Showing posts with label stories Mariana Enriquez. Show all posts
Showing posts with label stories Mariana Enriquez. Show all posts

Sunday, December 6, 2020

Mini-Reviews: Disturbing Reads

It is amazing what Kearse knew from family stories about her family history and even more startling what she learned from her research. A terrific alternate history and memoir.

I borrowed the book from my public library.
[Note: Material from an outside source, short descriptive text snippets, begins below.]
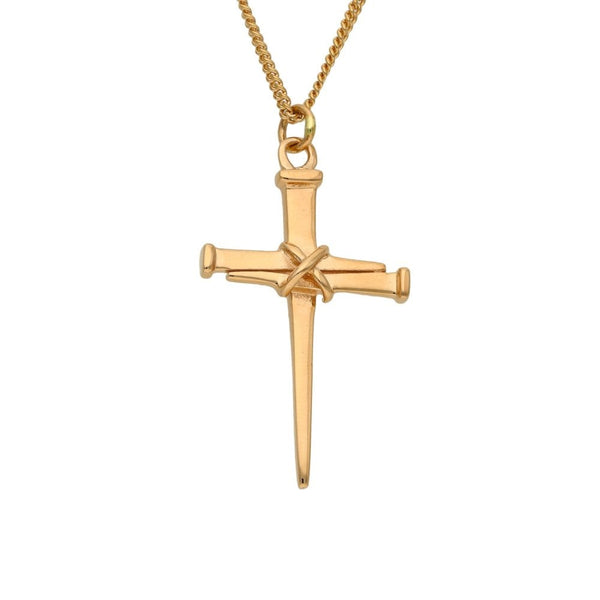 Ladies 9ct Rose Gold Cross & Chain - 18"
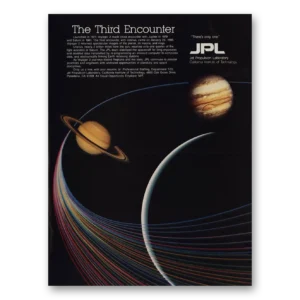 1986 JPL Jet Propulsion Lab Print Ad | Third Encounter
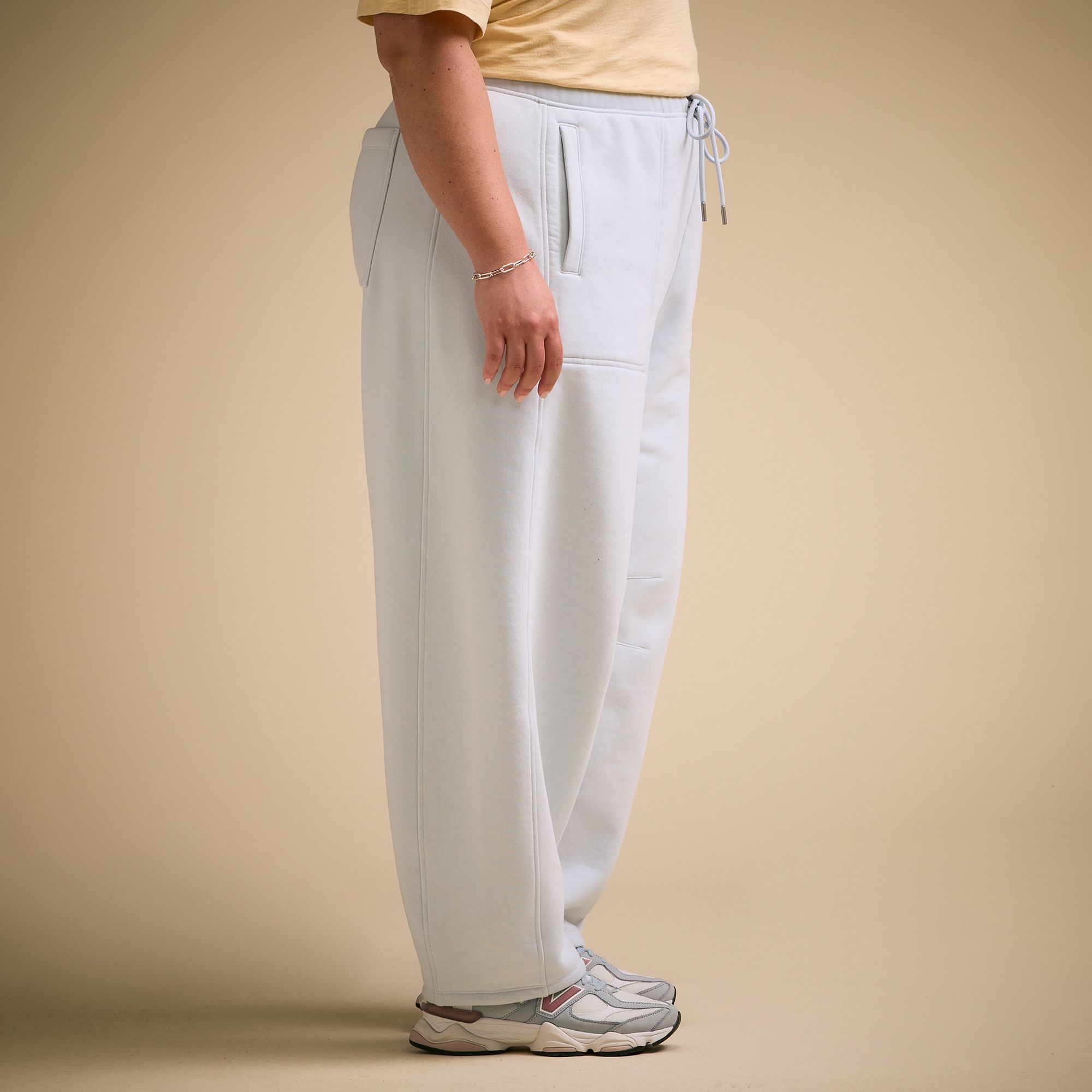 CALIA Women's Washed Cotton Fleece Barrel Sweatpant product image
The Other Madisons: The Lost History of a President's Black Family
by Bettye Kearse
Houghton Mifflin Harcourt
Published March 24th 2020  
ISBN132860439X (ISBN13: 9781328604392)

from the publisher
For thousands of years, West African griots (men) and griottes (women) have recited the stories of their people. Without this tradition Bettye Kearse would not have known that she is a descendant of President James Madison and his slave, and half-sister, Coreen. In 1990, Bettye became the eighth-generation griotte for her family. Their credo—“Always remember—you’re a Madison. You come from African slaves and a president”—was intended to be a source of pride, but for her, it echoed with abuses of slavery, including rape and incest. 

Confronting those abuses, Bettye embarked on a journey of discovery—of her ancestors, the nation, and herself. She learned that wherever African slaves walked, recorded history silenced their voices and buried their footsteps: beside a slave-holding fortress in Ghana; below a federal building in New York City; and under a brick walkway at James Madison’s Virginia plantation. When Bettye tried to confirm the information her ancestors had passed down, she encountered obstacles at every turn. 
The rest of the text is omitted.